I equally loved Split, even though it felt like a much darker affair (again, I think this was more due to my personal mindset at the time), but after years of listening to Lush, it’s become my favorite album of theirs.  I feel it’s where they hit their peak musically, even despite the producing issues they had at the time.  It contains my other favorite song of theirs, “Desire Lines”.  It’s a slow, plodding song, but deliberately so (and an extremely courageous choice for a single), and it’s probably the first song where I finally grokked to the mathematics of song construction.  One can sense its novel-like format, coming in unobtrusive and steady, ebbing and flowing with increasing energy until it finally builds to its middle eight, hitting a shimmering climactic peak before dropping back down to the denouement.

Their next album, Lovelife from early 1996, was a bit of a leftfield surprise for me, as I hadn’t expected a more economic and poppier sound from them, but it was yet another album that got quite a bit of play for me, thanks to it being released just months before I started my job at HMV (I would often play this one and the Gala in the back room while prepping stock for the floor).  The track “Ladykillers” was on heavy rotation on WFNX at the time, so I’d hear it almost every day on the way to and from work.  And the goofy definitely-not-a-love song “Ciao!” — a brilliant duet with Miki Berenyi and Pulp’s Jarvis Cocker, and probably the best British musical odd couple since Shane MacGowan and Kirsty MacColl.

I would return to Lush’s catalogue over the years, especially during certain writing sessions for the trilogy where I needed some kind of music that was ambient and dreamlike but also upbeat (otherwise I’d have gone for my regular go-to of Global Communication’s 76:14).  Their Ciao! Best of Lush album came out in early 2001 and I’m pretty sure it was in my writing soundtrack bin well until 2003 or so.  And now they’ve just released a lovely box set called Chorus, of nearly everything they recorded (it’s currently quite hard to find, but you might want to check their official online store here, that’s where I got it).

I remember Lush being hard to pin down for a lot of alt.rock listeners in the 90s in the northeastern US…they were either too dreampoppy for grunge tastes, or they were too noisy for the fans of the classic chamberpop 4AD sound, but they seemed to fit right in with those other stunning (in sound and in volume) shoegaze bands like My Bloody Valentine, Swervedriver and Ride.  It’s been years since they broke up in the late 90s, but thanks to reunions of bands like MBV and Ride, brilliant music documentaries like Beautiful Noise and Live Forever, as especially new noisepop bands like WarpaintTamaryn and Wolf Alice carrying the torch, Lush is now fondly remembered as one of the best bands of their time and highly influential.


Lush has recently reunited and are playing a few gigs in the UK soon; they may also be releasing an EP of new songs later this year.

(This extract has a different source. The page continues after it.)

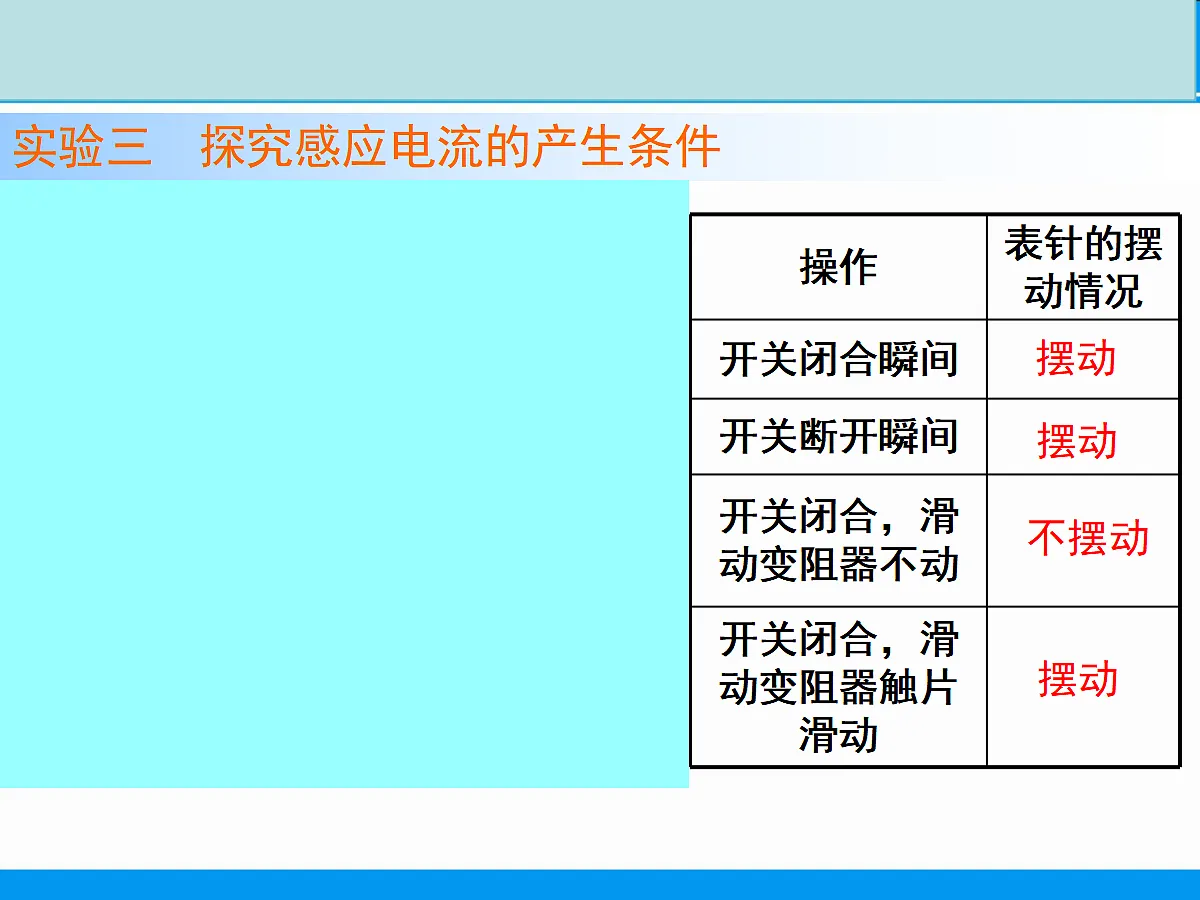 17410852第5页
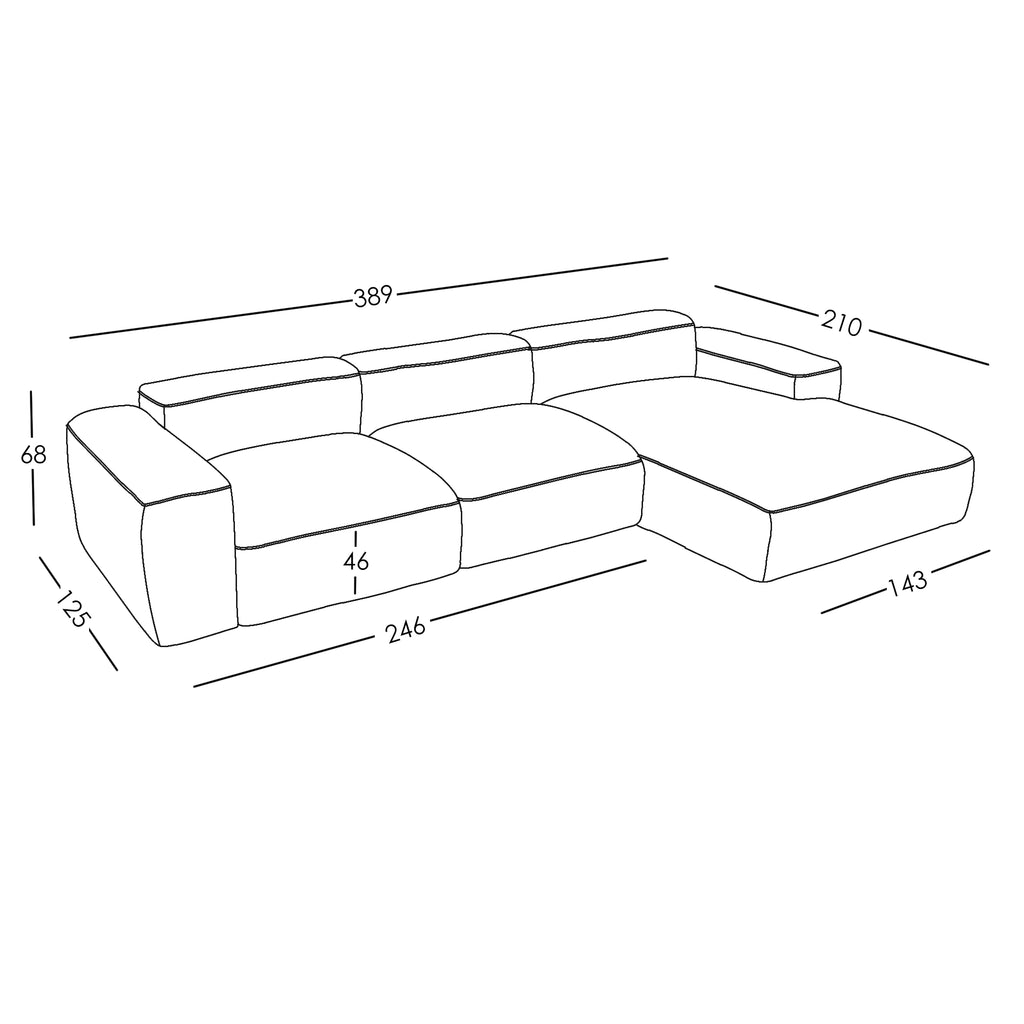 Maße und Modularität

Let’s Play This One for Laughs

As mentioned in my year-end overview, I was particularly enamored of the recent reissue of some early titles from The Comsat Angels.  I hadn’t listened to them in ages (I used to have a few of their albums on vinyl oh so long ago) and was surprised at how well they’ve held up.  Their first album, Waiting for a Miracle, was released in 1980, and it sounds fantastic.  At this point they’re kind of a cross between 154-era Wire, a bit of Unknown Pleasures Joy Division, with a pinch of Chameleons and Abecedarians thrown in.

The above song, “Home Is the Range”, which wasn’t on the first album (it’s on the reissue) but a pre-album EP, has been stuck in my head for the past week and a half, and I can’t seem to get it to leave.  Not that I’m complaining, mind you.  It’s a hell of a great track.